- **ACTIVITY**:
Return the lines of the listing below exactly as they appear, beginning at the one with "kitchen featuring appliances" and stopping after the one with "Barmen is making"; do not include pictures.

- **RECORDED INFORMATION**:
▽
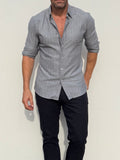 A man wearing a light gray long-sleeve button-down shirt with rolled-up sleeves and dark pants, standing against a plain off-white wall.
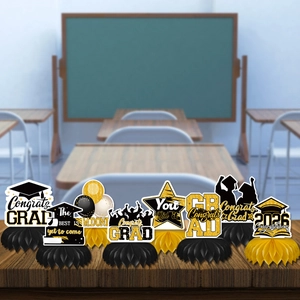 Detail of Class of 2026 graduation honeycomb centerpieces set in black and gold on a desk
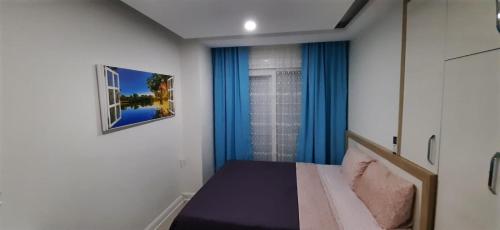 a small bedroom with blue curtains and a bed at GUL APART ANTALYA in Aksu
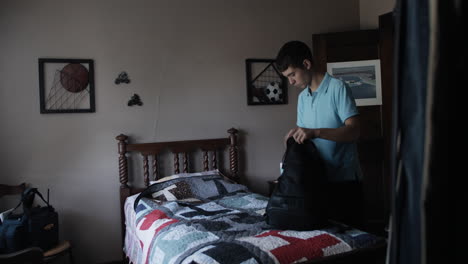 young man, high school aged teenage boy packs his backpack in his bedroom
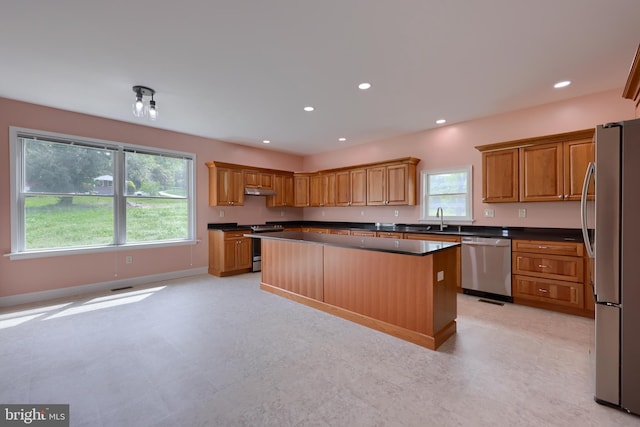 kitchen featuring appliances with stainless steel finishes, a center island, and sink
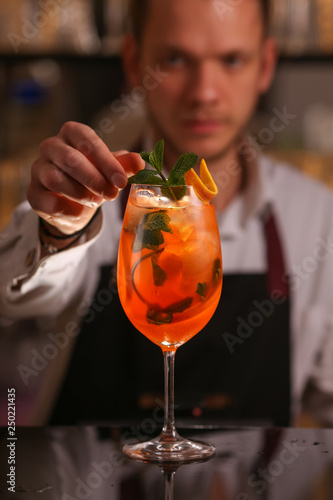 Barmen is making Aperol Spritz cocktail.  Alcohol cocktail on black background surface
△
▽
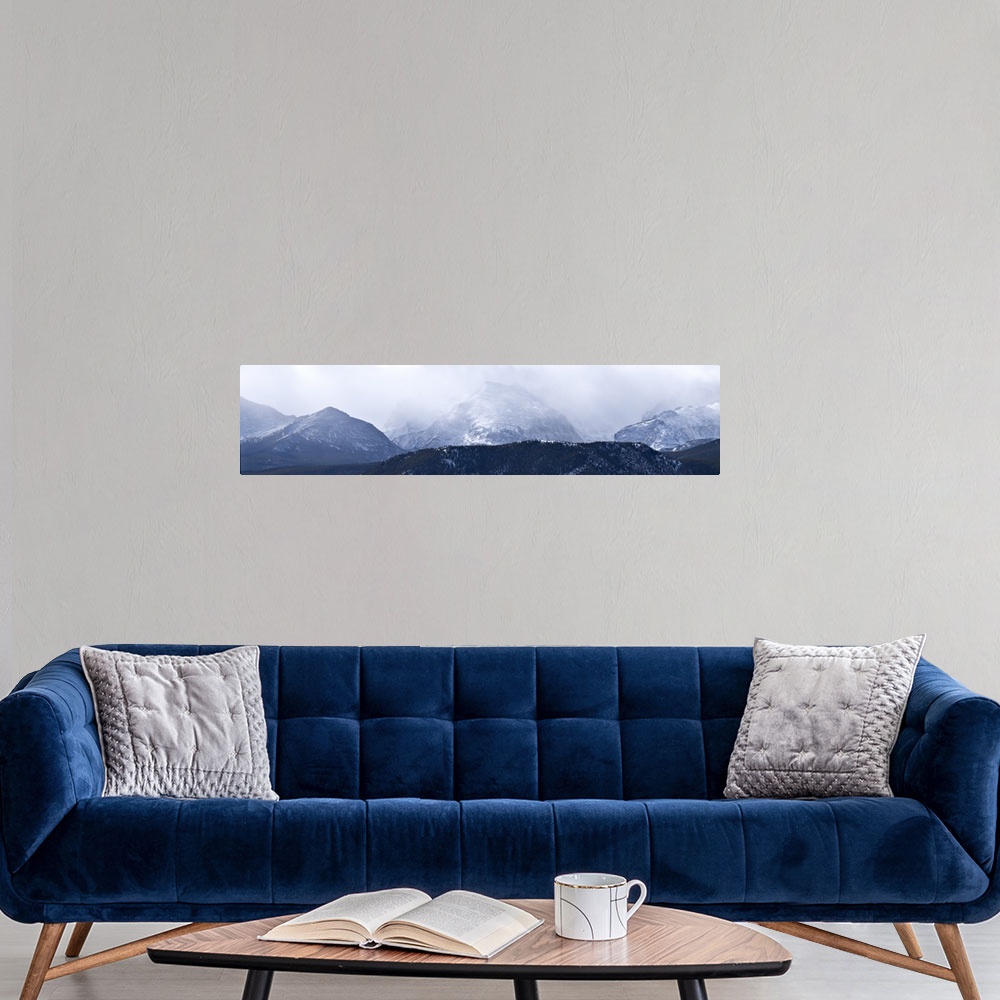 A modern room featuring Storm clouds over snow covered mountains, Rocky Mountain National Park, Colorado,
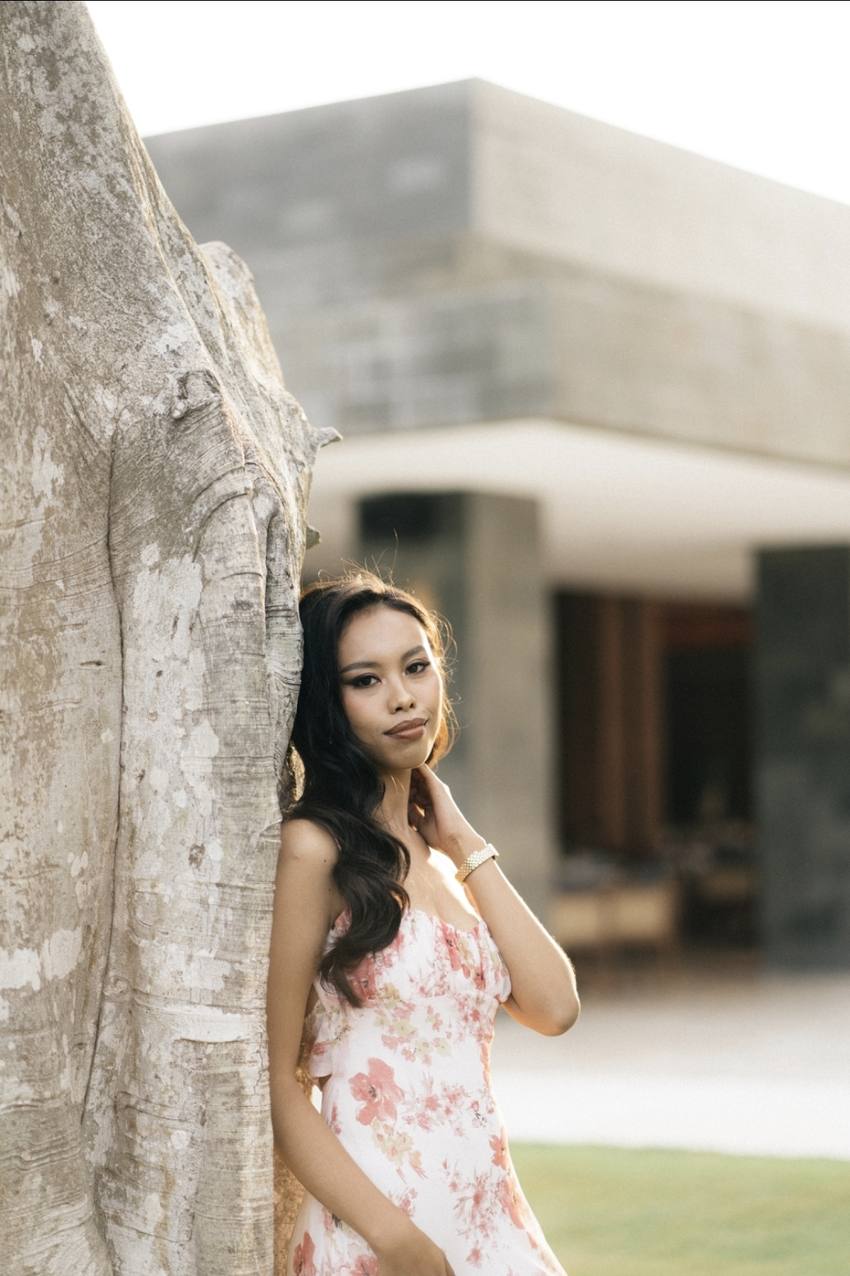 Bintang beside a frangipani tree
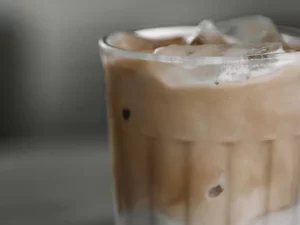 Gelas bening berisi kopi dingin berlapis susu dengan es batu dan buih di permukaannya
△
▽
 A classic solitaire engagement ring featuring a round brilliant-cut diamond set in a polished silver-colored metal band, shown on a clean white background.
△
- **RESULT FOR THIS TASK**:
 kitchen featuring appliances with stainless steel finishes, a center island, and sink
 Barmen is making Aperol Spritz cocktail.  Alcohol cocktail on black background surface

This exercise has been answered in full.